• [Problem requirements]:
Would you reproduce the whole listing exactly, dropping any pictures it holds?
Segment Start: Dataset records
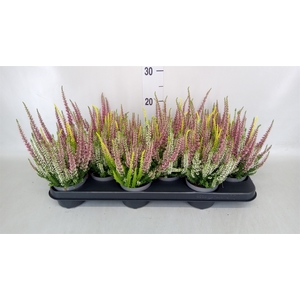 Calluna vulg. 'Beauty L'  ..mix 3/p
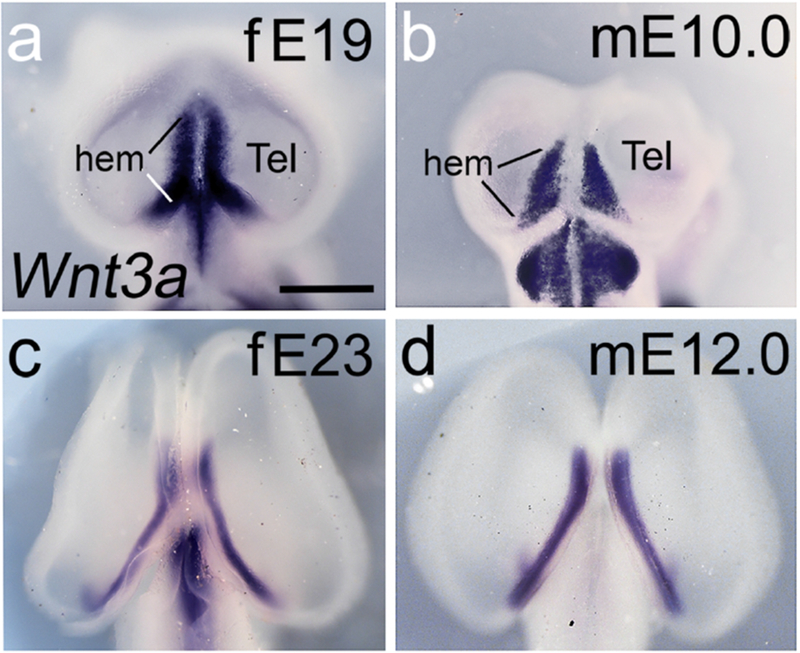 Figure 9.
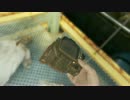 死んだら生き返らないFallout4 part8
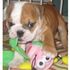 Bulldog puppies for sale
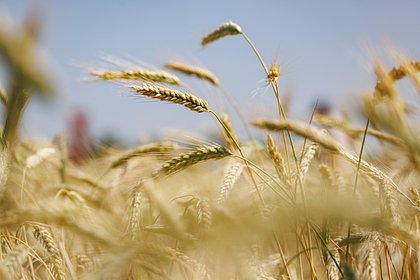 Россия заняла первое место по экспорту двух видов агропродукции
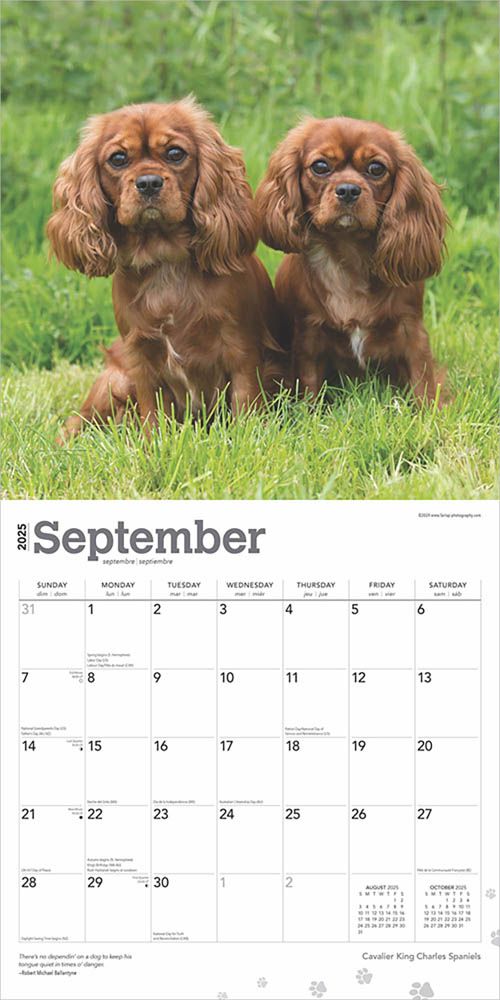 2025 Cavalier King Charles	Spaniels Calendar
Segment End: Dataset records
• [Written solution]:
 Calluna vulg. 'Beauty L'  ..mix 3/p
 Figure 9.
 死んだら生き返らないFallout4 part8
 Bulldog puppies for sale
 Россия заняла первое место по экспорту двух видов агропродукции
 2025 Cavalier King Charles	Spaniels Calendar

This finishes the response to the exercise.